Emulation/CPU=correct,Execution/GPU=incorrect emulation

results from both the parallel machine and the C870 agree upto and including 6 warps, but from 7 warps onwards the results from the C870 show unexpected behaviour while the parallel machine results are as expected.

Plus there is an unexpected performance gain at warps>=7, in that the execution time drops dramatically from seconds to fractions of a millisecond.

Any suggestions?

check for errors after your kernel launch, you probably have to many registers for 7 warps per block. I think you are experiencing a too many resources requested error.

I’m beginning to suspect it could be something like that.

How do I check for the error you mention? From the example projects I have in my code

////////////////////////////////////

// Launch the device computation

SPH<<<dimGrid, dimBlock>>>(//variables);

CUT_CHECK_ERROR(“kernel error”);

////////////////////////////////////

Do I need to write something else?

Try to cudaThreadSynchronize before checking for the error value. (Actually cudaThreadSynchronize will report the error if there is one.)

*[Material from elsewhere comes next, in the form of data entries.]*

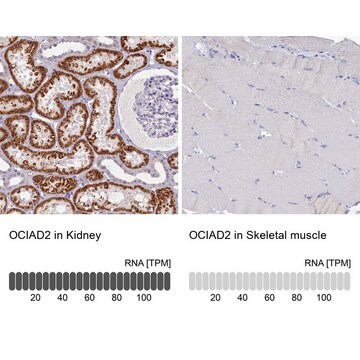 Anti-OCIAD2 antibody produced in rabbit Prestige Antibodies&#174; Powered by Atlas Antibodies, affinity isolated antibody, buffered aqueous glycerol solution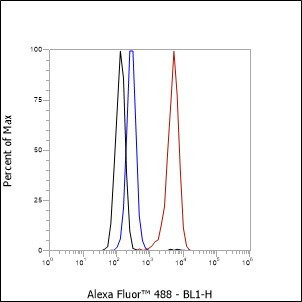 Recombinant SMARCC2/BAF170 Monoclonal Antibody (AGEL6991)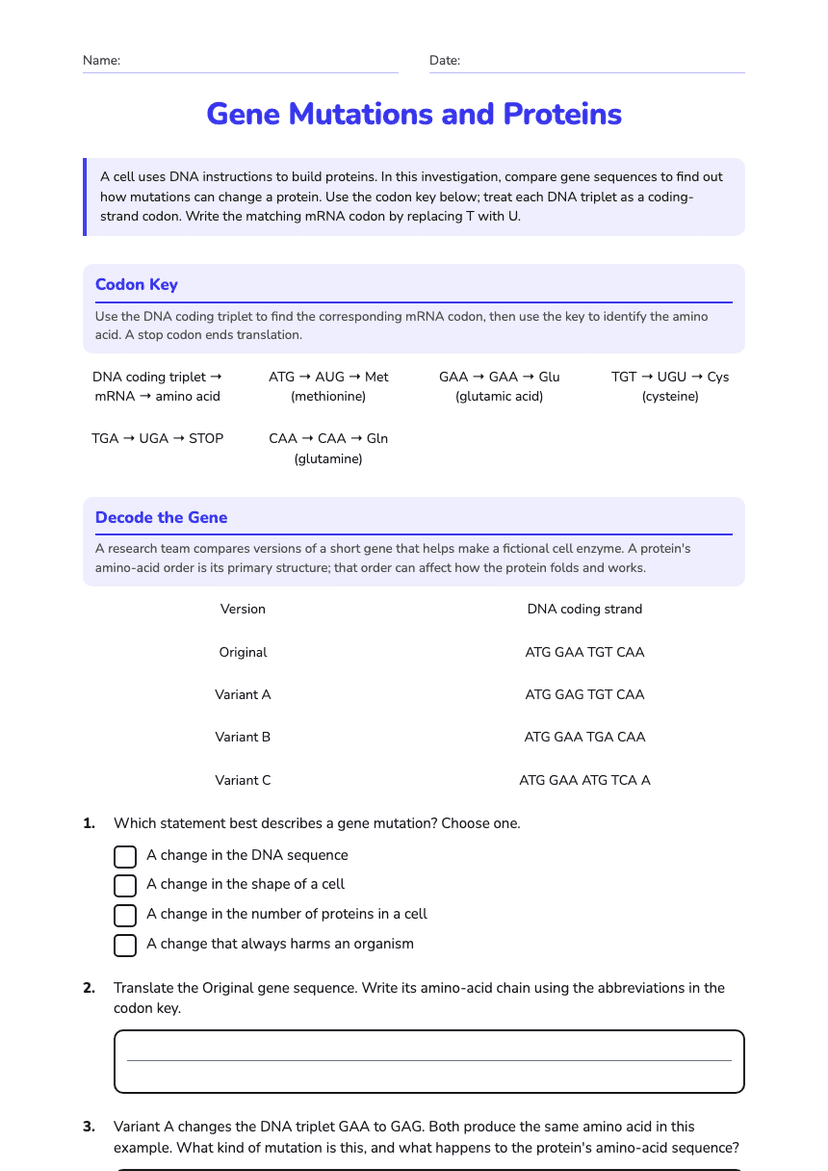 Gene Mutations and Proteins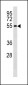 CCNB1 Antibody (Center S126/S128)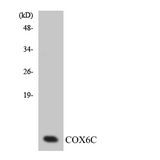 COX6C Antibody - Western blot analysis of the lysates from HUVECcells using COX6C antibody.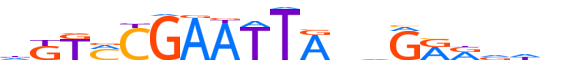 TIGD7.H13CORE.0.SGIB.A reverse-complement motif logo (TIGD7 gene, TIGD7_HUMAN protein)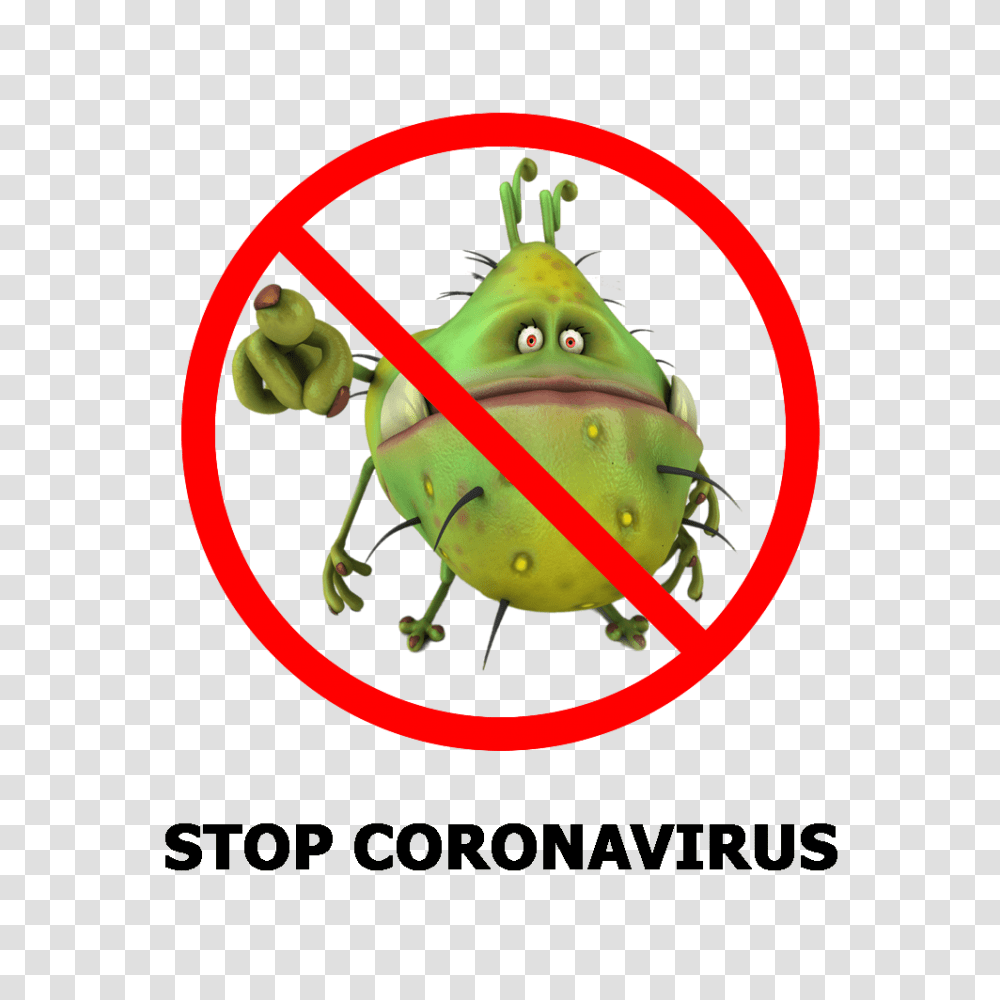 Stop Coronavirus, Animal, Invertebrate, Insect, Wasp Transparent Png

I just tripped over the fact that __sinf only works within [-pi, pi] whereas in Emu mode it works correctly at all times. Similarly with __cosf, I suppose. This screwed over my Hough Transform. ;)

Don’t forget to run in Debug mode. Check the custom build step of the sample in case anything doesn’t work.

More precisely, the absolute error of __sinf and __cosf is only guaranteed within [-pi, pi]. Outside this range, it will be less accurate, but still usable for most purposes (well, maybe not yours!)

You can think of __sinf(x) as behaving much like sinf(fmodf(x, (float)TWO_PI)). Only for very large inputs it will give a completely wrong answer in absolute terms.

But even inside [-pi, pi], CPU implementations can be much more accurate than __sinf and __cosf, if accurate means a smaller relative error (think __sinf(x) when x is very close to 0).